The attack has been widely attributed to Scattered Spider, a financially motivated cybercrime group known for targeting large organizations through social engineering. The group has been linked to similar incidents involving major retailers, typically focusing on identity-based intrusion methods rather than traditional exploits.

Infrastructure

Rather than relying on attacker-controlled systems, the intrusion leveraged trusted enterprise infrastructure. The attackers targeted Tata Consultancy Services, a third-party vendor, and exploited weaknesses in the IT helpdesk password reset process to gain access to a legitimate account. From there, they were able to move into internal systems that supported online ordering and logistics, representing abuse of legitimate (Type-2) infrastructure within the Diamond Model.

Capability

This incident was driven by identity-focused social engineering combined with ransomware deployment. By impersonating an internal employee, the attackers were able to bypass identity verification controls and gain system access. Once inside, they exfiltrated sensitive data and deployed DragonForce ransomware to disrupt operations and create extortion pressure. Some reporting suggested SIM-swapping as a possible method for bypassing MFA, though this was not officially confirmed.

Victim

Marks & Spencer was the primary victim due to its scale and heavy reliance on interconnected digital systems. The attack also impacted Tata Consultancy Services through the initial social engineering vector, and ultimately affected customers whose personal data was exposed. Because a significant portion of M&S’s revenue depends on e-commerce, the disruption had a direct and substantial financial impact.

MITRE ATT&CK Mapping

TechniqueIDRelevance
ImpersonationT1656Attackers posed as a legitimate employee during helpdesk interaction
Valid AccountsT1078Compromised credentials were used to access legitimate internal systems
Data Encrypted for ImpactT1486Ransomware was deployed to encrypt systems and create extortion pressure

Key Takeaways

This incident shows that modern ransomware attacks often start with identity compromise, not malware. It also highlights how vendor access and helpdesk workflows can become real intrusion paths when verification is weak. At scale, the operational disruption alone can be just as damaging as the data theft itself.

Policy Recommendations

The core issue in this incident was not the absence of security frameworks, but a failure in how controls were implemented. Strengthening helpdesk identity verification, tightening account recovery procedures, and improving visibility into outbound data movement would directly address the weaknesses exploited in this attack. Moving away from SMS-based authentication toward stronger methods like authenticator apps or passkeys would also reduce exposure to identity-based attacks.

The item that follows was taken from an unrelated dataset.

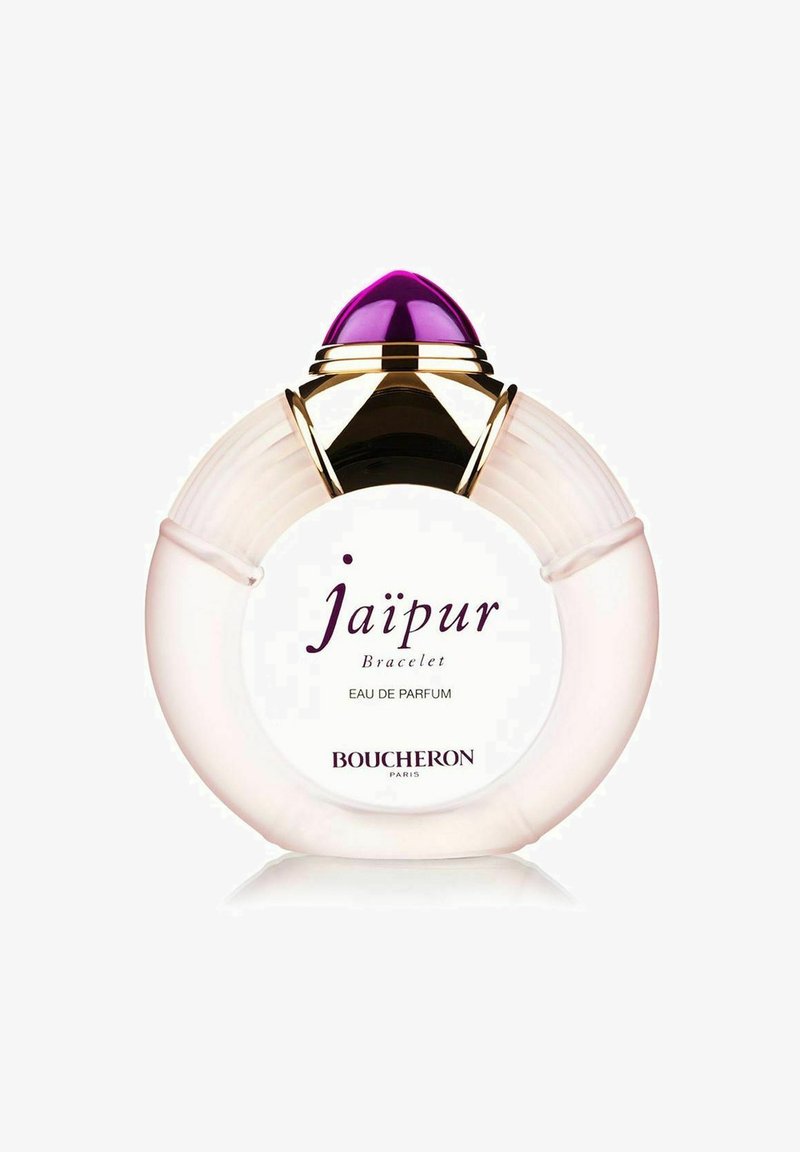 Klar glas parfume flaske med en pink bund, bøjet form, guldfarvede detaljer og en lilla kuppel-låg; mærket "Jaipur Bracelet" af Boucheron.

These recommendations align with the National Institute of Standards and Technology Cybersecurity Framework. PR.AA (Identity Management and Authentication) addresses identity verification weaknesses, PR.AC (Access Control) reinforces least privilege and controlled access, and DE.CM (Security Continuous Monitoring) supports detecting abnormal data movement through controls such as data loss prevention.

Source Paper

This analysis is based on a research paper written as part of my graduate curriculum at the Georgia Institute of Technology.